Tour by Led Zeppelin | |
Associated album | Led Zeppelin IV |
---|---|
Start date | 23 September 1971 |
End date | 29 September 1971 |
No. of shows | 5 |
Led Zeppelin concert chronology |
Led Zeppelin's 1971 Japanese Tour was the first in Japan by the English rock band. Commenced on 23 September and concluding on 29 September 1971, it was one of the first tours of Japan by a western rock band.[1]
"It was the first time I'd been to such a sort of overpopulated place…" recalled guitarist Jimmy Page of Tokyo, where the tour began. "It was a city with such a new vision towards the future. The technology boom was really going on, even then… It seems odd now with Nikon everywhere, but at the time they were just really breaking the market, and you could get cameras over here really, really inexpensively, and hi-fi and little cine cameras… We came here and went away loaded with cameras and I started documenting the rest of my travels with Led Zeppelin for a bit."[2]

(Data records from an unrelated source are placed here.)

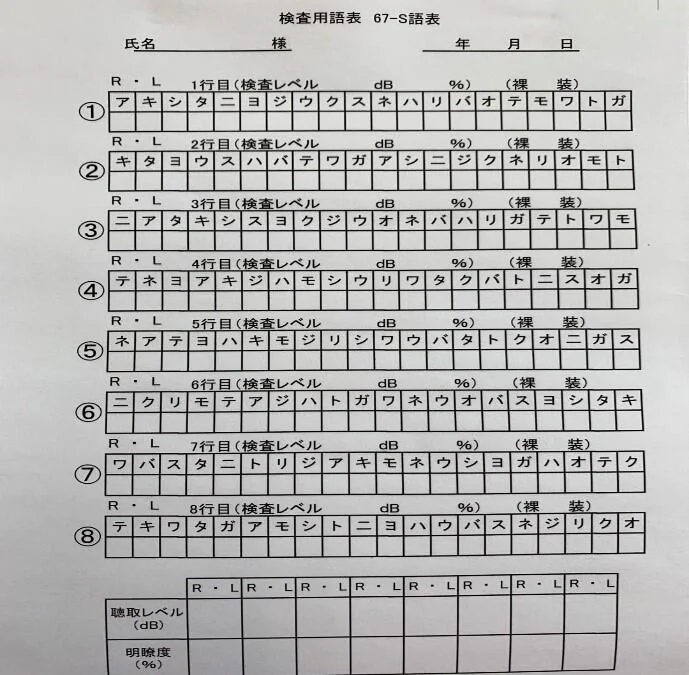 語音明瞭度検査01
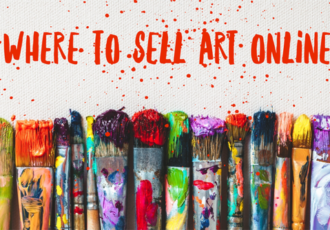 A guide to places to sell art or craft online, with pros and cons, as well as selling through your own website.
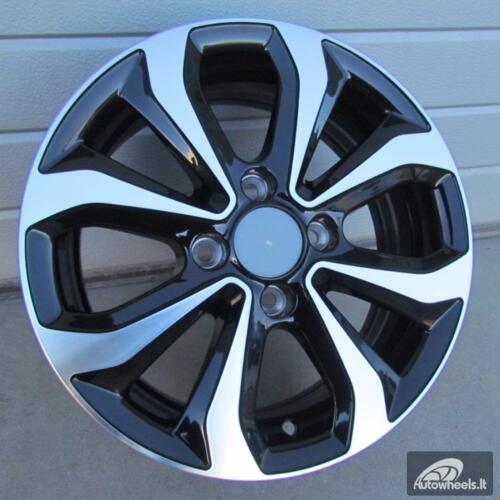 Ratlankis R15x6  4X100  ET  45  54.1  XF275  Black Polished (MB)  For HYUND  (P1)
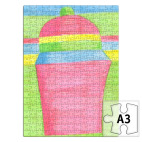 Пазл  &#039;Пирожное&#039;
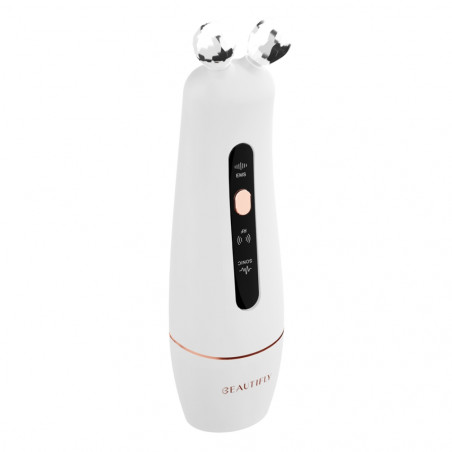 Beautifly B-Booster PRO RF Masaj de ridicare a feței fără ace, 40 ° C, RF 1MHz, EMS, ultrasunete, ioni, efect Botox, Anti-Age, mezoterapie, IPX5, alb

One of the concerts from the short tour, at Hiroshima on 27 September,[3] was a benefit show. As an expression of thanks, the city of Hiroshima presented the band with a letter of appreciation and the city medal from the local mayor.[1]

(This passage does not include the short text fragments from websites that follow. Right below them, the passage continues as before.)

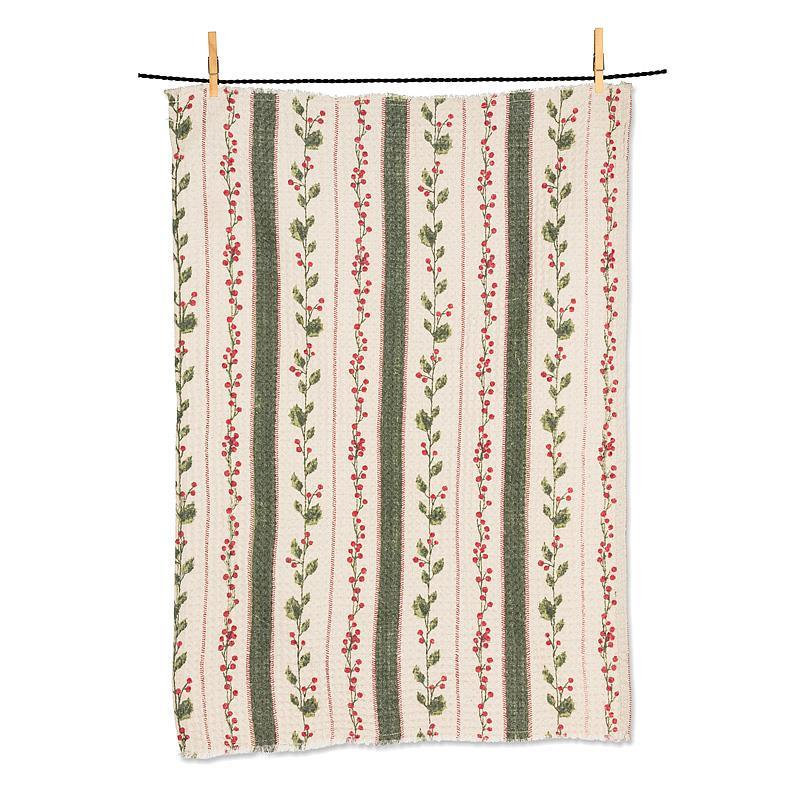 Serviette de cuisine à rayures Hollyberry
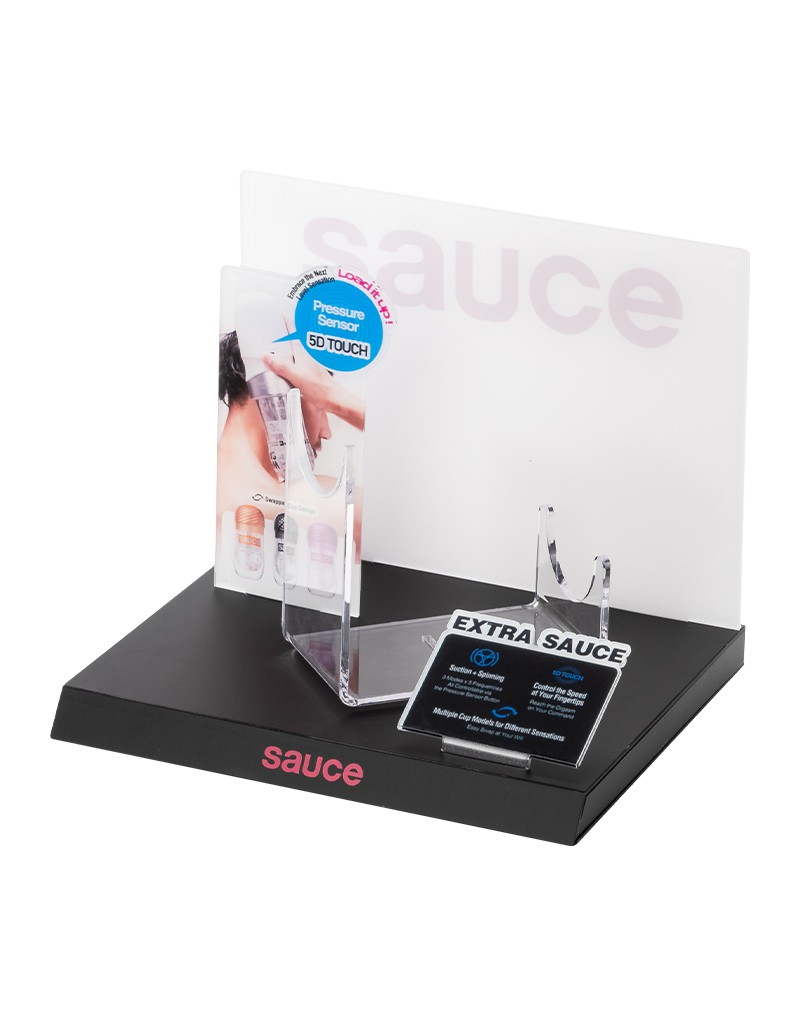 Sauce – Display – Schwarz, Rosa & Weiß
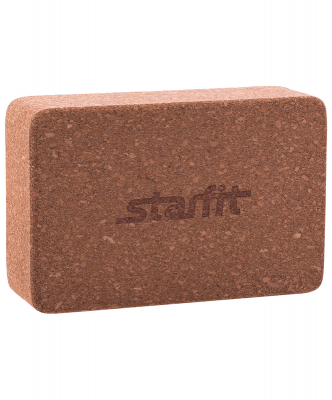 Блок для йоги STARFIT FA-102, пробка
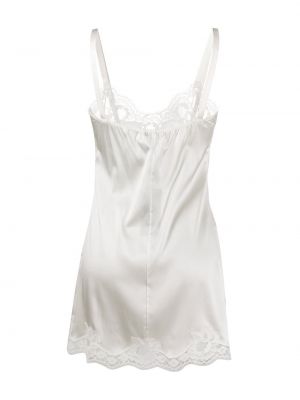 Vestido de noche de encaje Dolce & Gabbana blanco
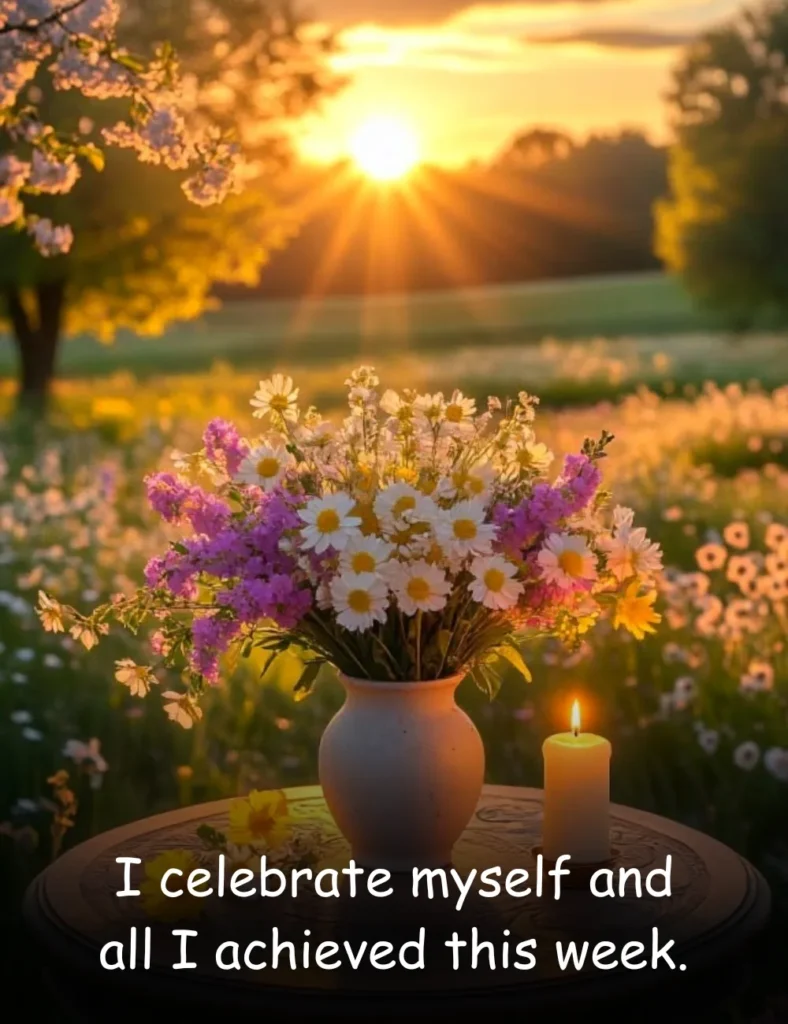 I celebrate myself and all I achieved this week.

During the tour, singer Robert Plant allegedly punched drummer John Bonham before one of the shows.[1] This was not the only turbulent incident, as manager Peter Grant explained:
There were rows. One bloody amazing one happened in Japan when Robert came off stage with a split lip. It was over some dispute over some money from some tour. He still owed Bonzo some petrol money for 70 quid or something, but that's how it was! [1]
The concerts were recorded at the insistence of the Japanese record company Warner Bros.-Pioneer Corporation, which represented the band's record label Atlantic Records in Japan. However, Page considered the audio quality to be so poor, he decided to wipe the tapes and reuse them.[1]